The East African country plans to charge a 3% tax on the transfer or exchange value of digital assets, while content creators will pay 15% on online earnings up from 5% withholding income tax. If the proposals in the finance bill are ratified, the taxes will take effect in the coming budget year, which begins July 1.
Cryptocurrency exchanges like Binance or Yellow Card or persons facilitating the exchange or transfer of digital assets are expected to withhold the tax deductions and forward them to the country’s tax authority within 24 hours. The exchanges must, however, first register with the tax authority in order to remit such deductions.

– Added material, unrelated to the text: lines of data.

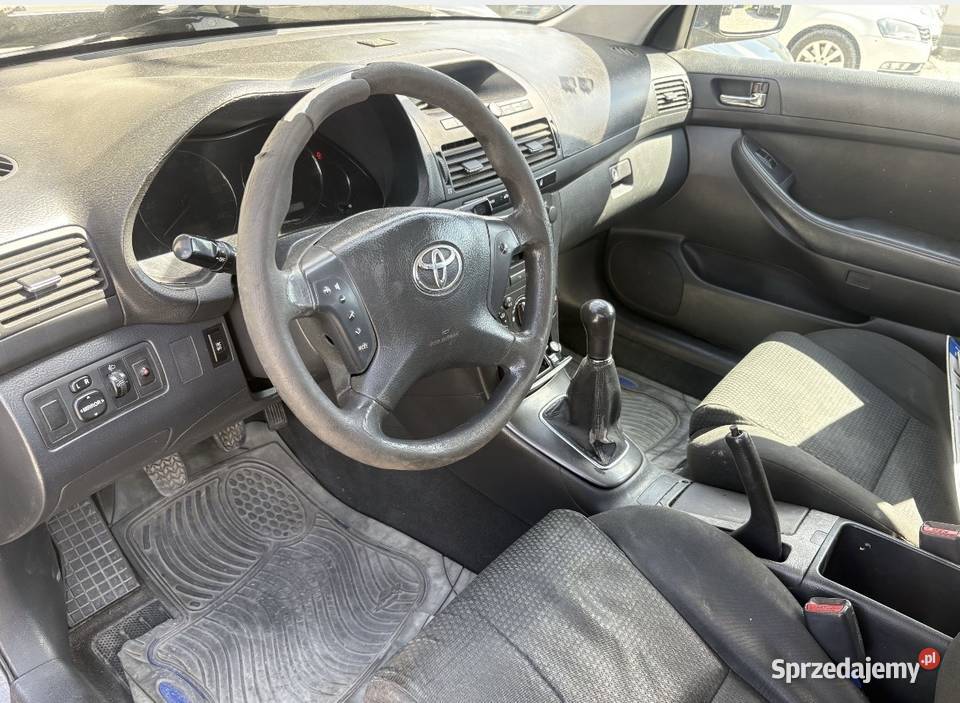 Toyota Avensis 18 127 uszkodzony przód manualna Pińczów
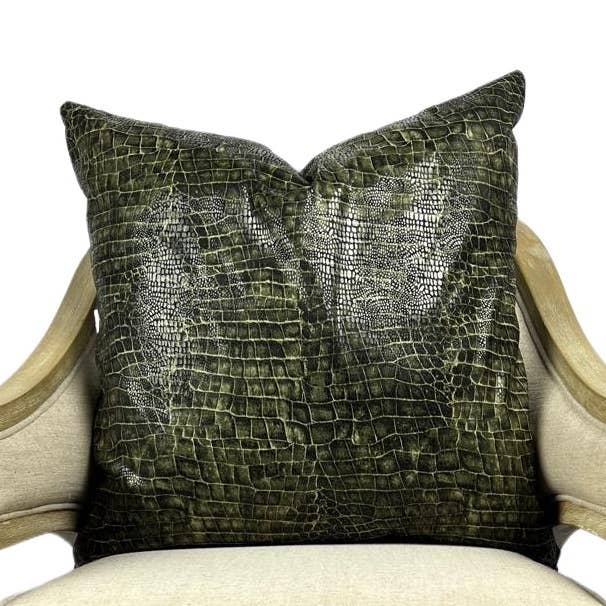 Coussin décoratif luxueux fait main avec un motif de crocodile pour la vente par DECO DECOR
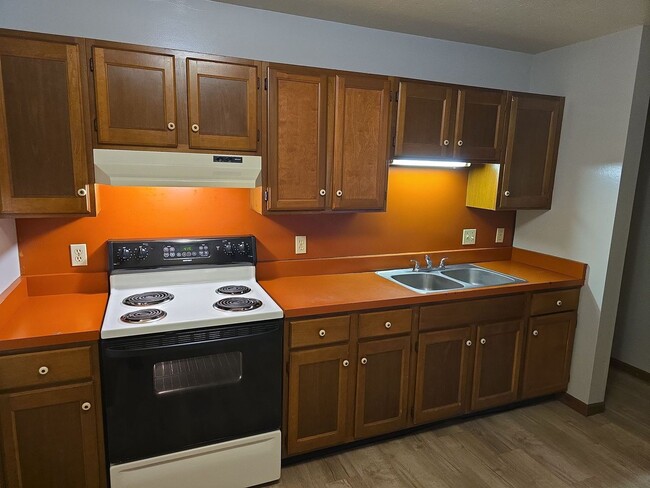 Building Photo - Spacious Living Room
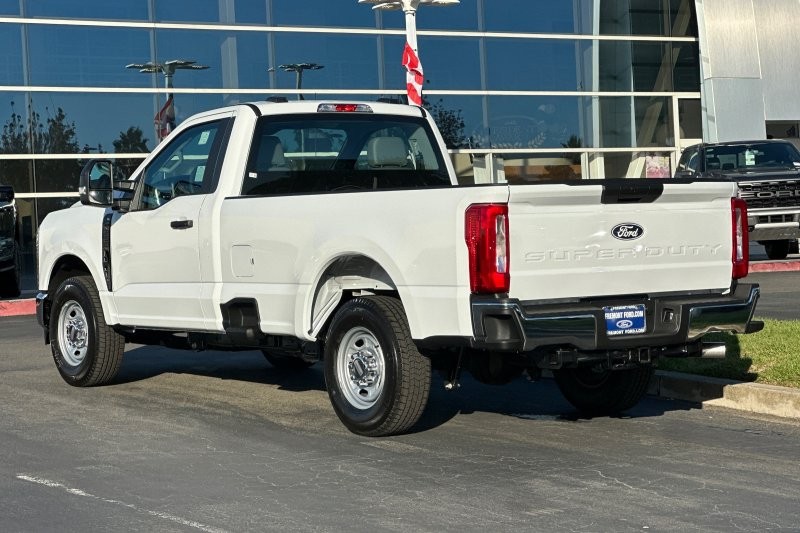 Ford F-250SD Vehicle Full-screen Gallery Image 05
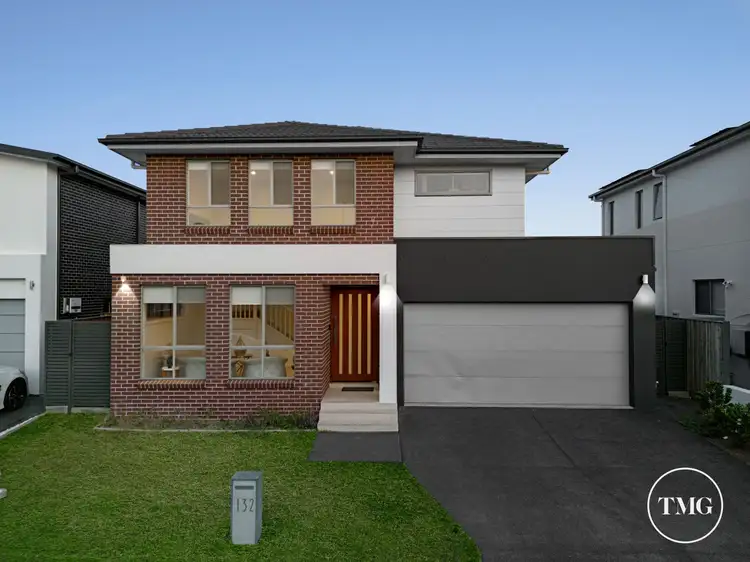Main view of Homely house listing, 132 Rosedale Circuit, Carnes Hill NSW 2171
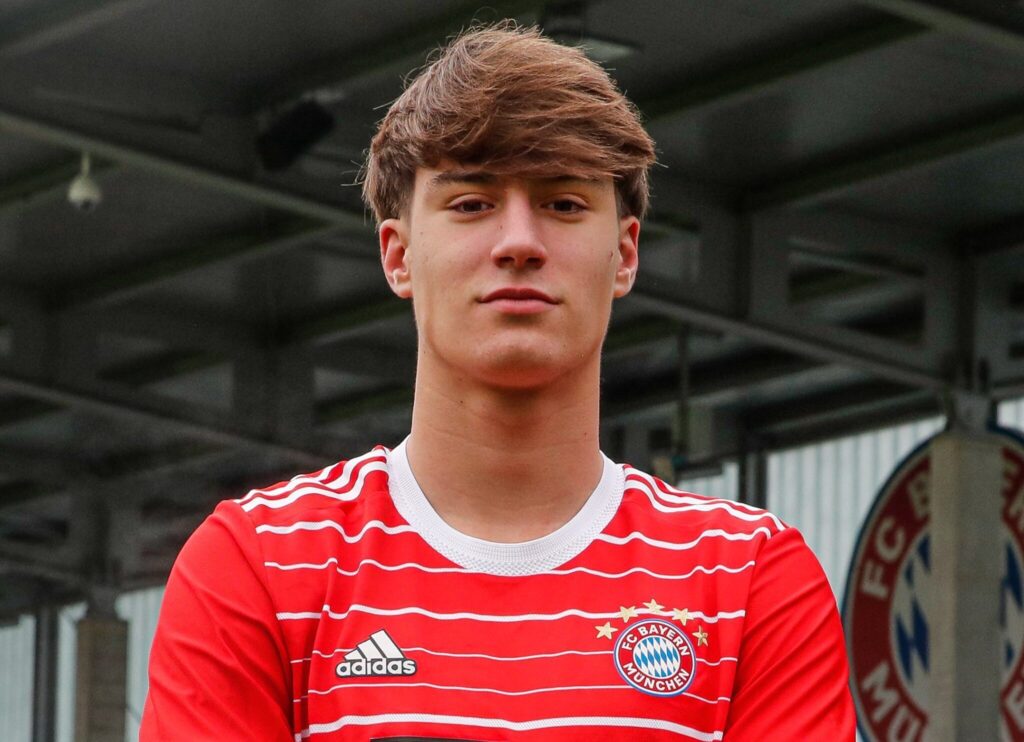 Байерн привлече испански тийнейджър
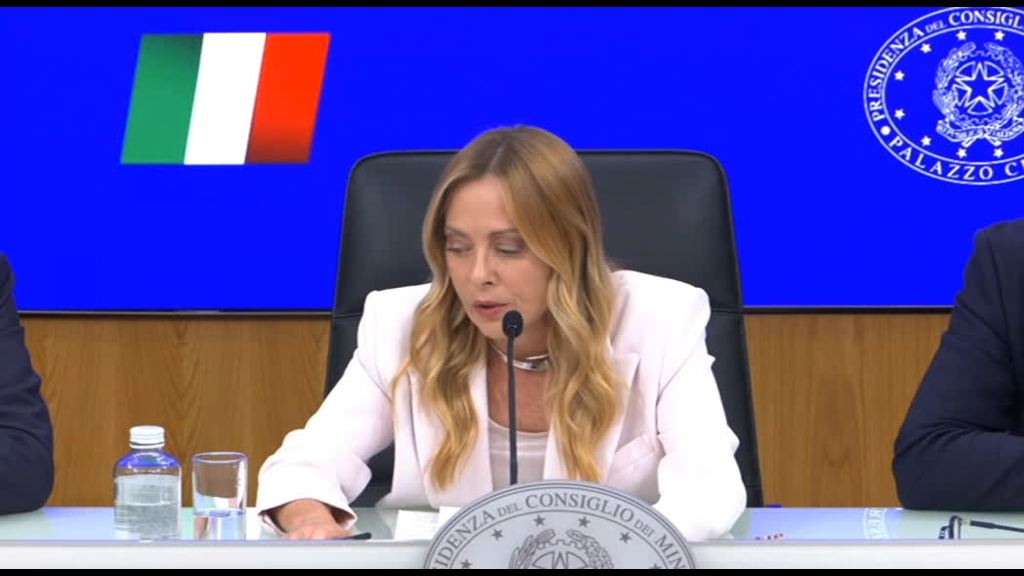 Meloni: alleati Vannacci? Futuro Nazionale vota contro centro destra Meloni: alleati Vannacci? Futuro Nazionale vota contro centro destra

Kenya defines digital assets as “anything of value that is not tangible and cryptocurrencies, token code, number held in digital form and generated through cryptographic means or otherwise, by whatever name called, providing a digital representation of value exchanged with or without consideration that can be transferred, stored or exchanged electronically; and a non-fungible token (NFTs) or any other token of similar nature, by whatever name called.”

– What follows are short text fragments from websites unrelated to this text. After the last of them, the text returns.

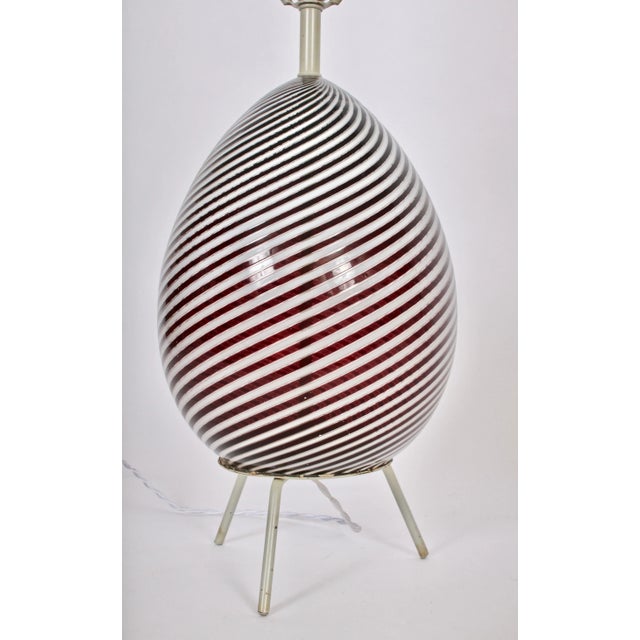 Mid 20th Century Dino Martens for Aureliano Toso Cranberry Swirl "Egg" Table Lamp on Tripod Base For Sale - Image 5 of 11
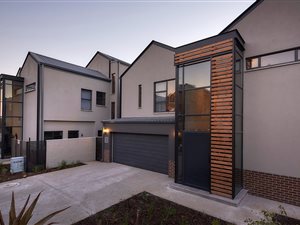 5 Bed Cluster in Waterfall Estate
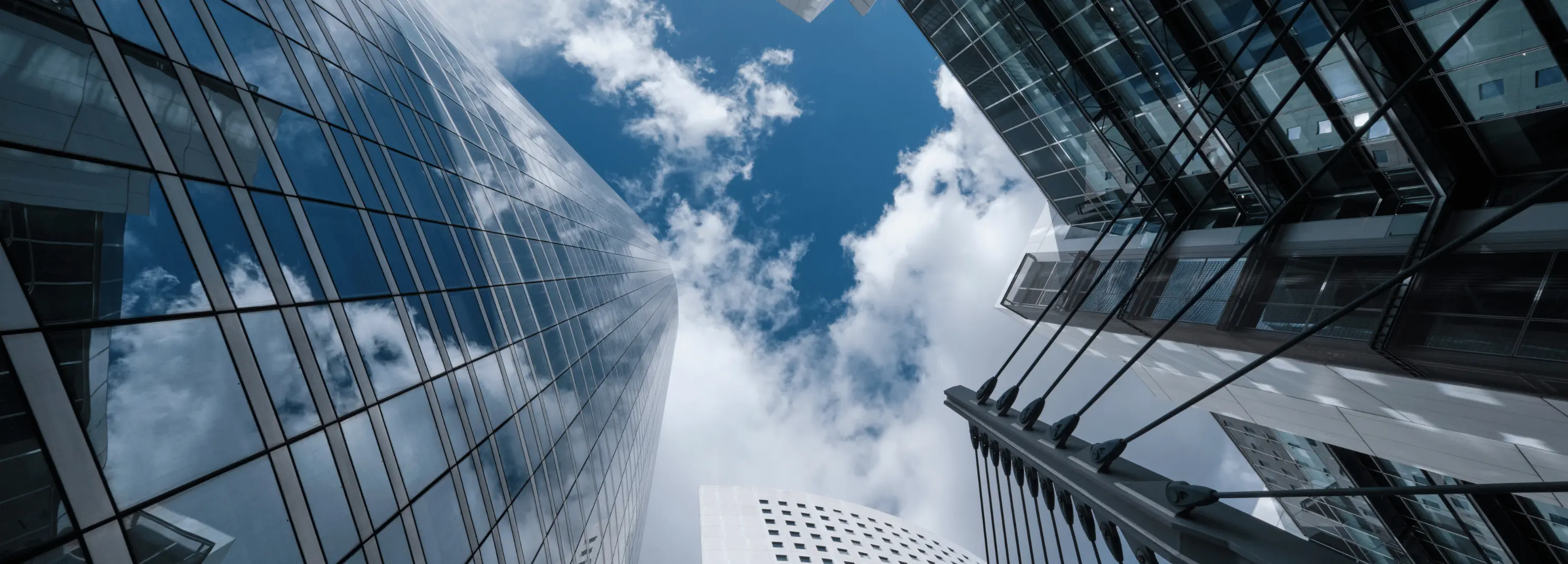 Undervalued Properties on Noida Expressway sponsored micro market banner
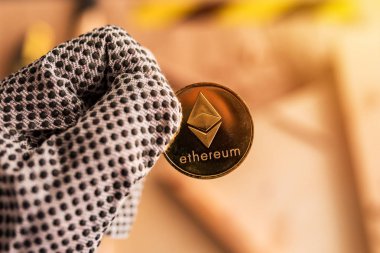 Marangoz ahşap atölyesinde Ethereum para tutan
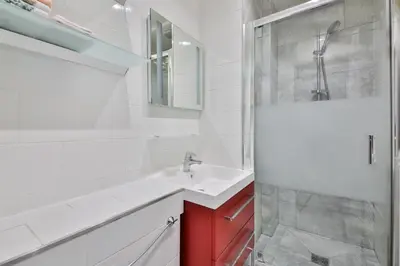 Salle de bains dans l'établissement Two-Bedroom Apartment Champs-Elysées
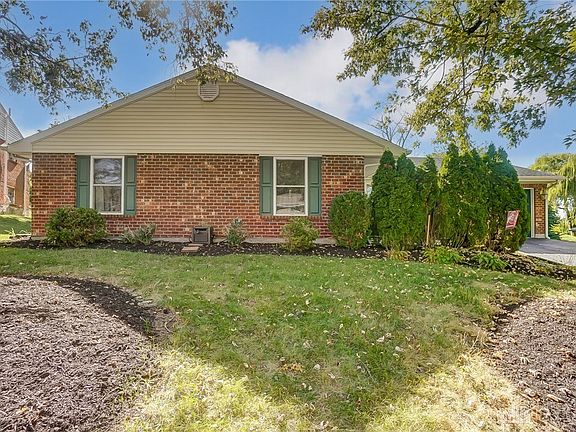 3rd image of 5907 Verdi Dr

Currently the Kenyan government does not recognize crypto as a legal tender, and has in the past sternly warned that they are unregulated, and highly speculative and volatile, which puts them at a great risk of losing value. The government has also variously asserted that it cannot offer any protection in the event that crypto exchanges go bust, as was recently witnessed with FTX.

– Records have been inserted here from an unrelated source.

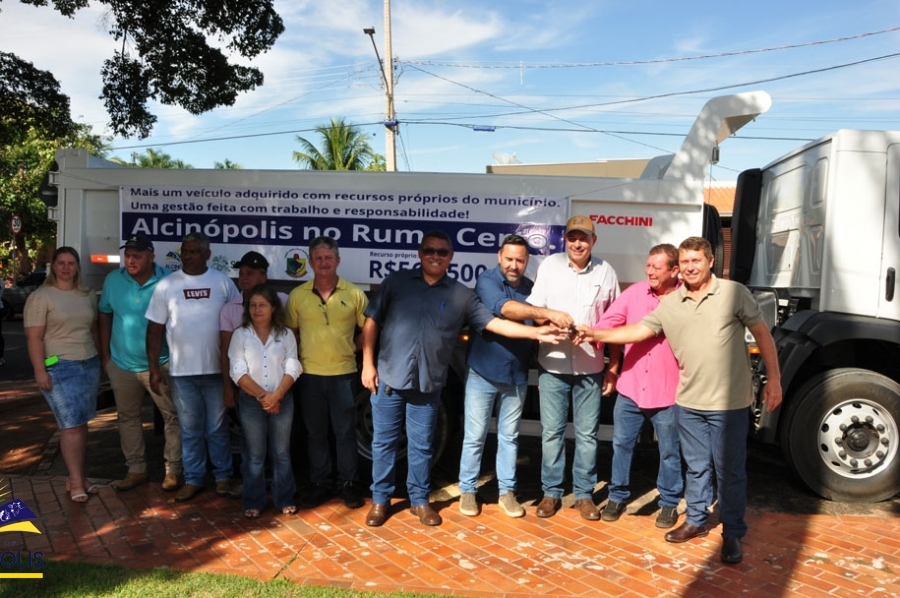 Prefeitura entrega Caminhão para Secretaria de Oras.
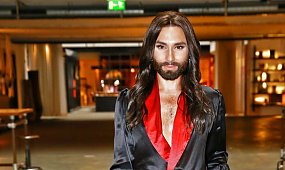 Szczęka opada! Tak dziś wygląda Conchita Wurst. Nowy wizerunek Thomasa Neuwirtha wprawia w osłupienie [zdjęcia]
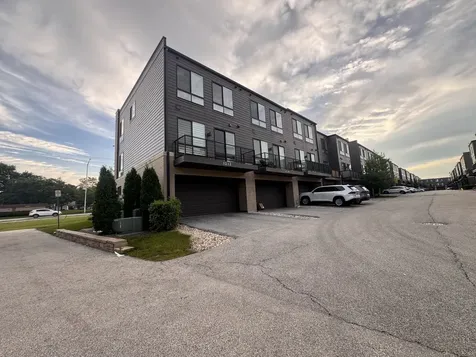 1212 Quadrant Lane Schaumburg IL 60173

However, over the last few months Kenya has softened its stance on crypto, proposing to work on a legal framework for crypto assets, as it moves to tap the growing cryptocurrency adoption.
Kenya is ranked second in Africa (19th globally) after Nigeria in terms of crypto adoption, and fifth globally in terms of peer to peer (P2P) exchange trade volume, according to 2022 Chainalysis report.
Pertaining to content creators, the new bill imposes a tax on earnings made by a content creator sponsored by a brand to make content or do promotions, and income from affiliate marketing.
It defines content creators as those offering “entertainment, social, literal, artistic, educational or any other material electronically,” through websites, social media platforms like Facebook, Twitter or Instagram, in partnership with brands or retailers.
Earnings made by offering “subscription services where the audience pays a periodic fee to access the content and support the content creator, or merchandise sales where physical goods and services are sold featuring a logo, brand or catchphrase to the audience of the content creator, eBooks, courses, or software,” will also be taxed.
Also not spared is income from “membership programs for exclusive content including early access, licensing the content including photographs, music or other businesses or individuals for use in the user’s own projects; or crowdfunding for raising funds for specific goals for a content creator or another person.”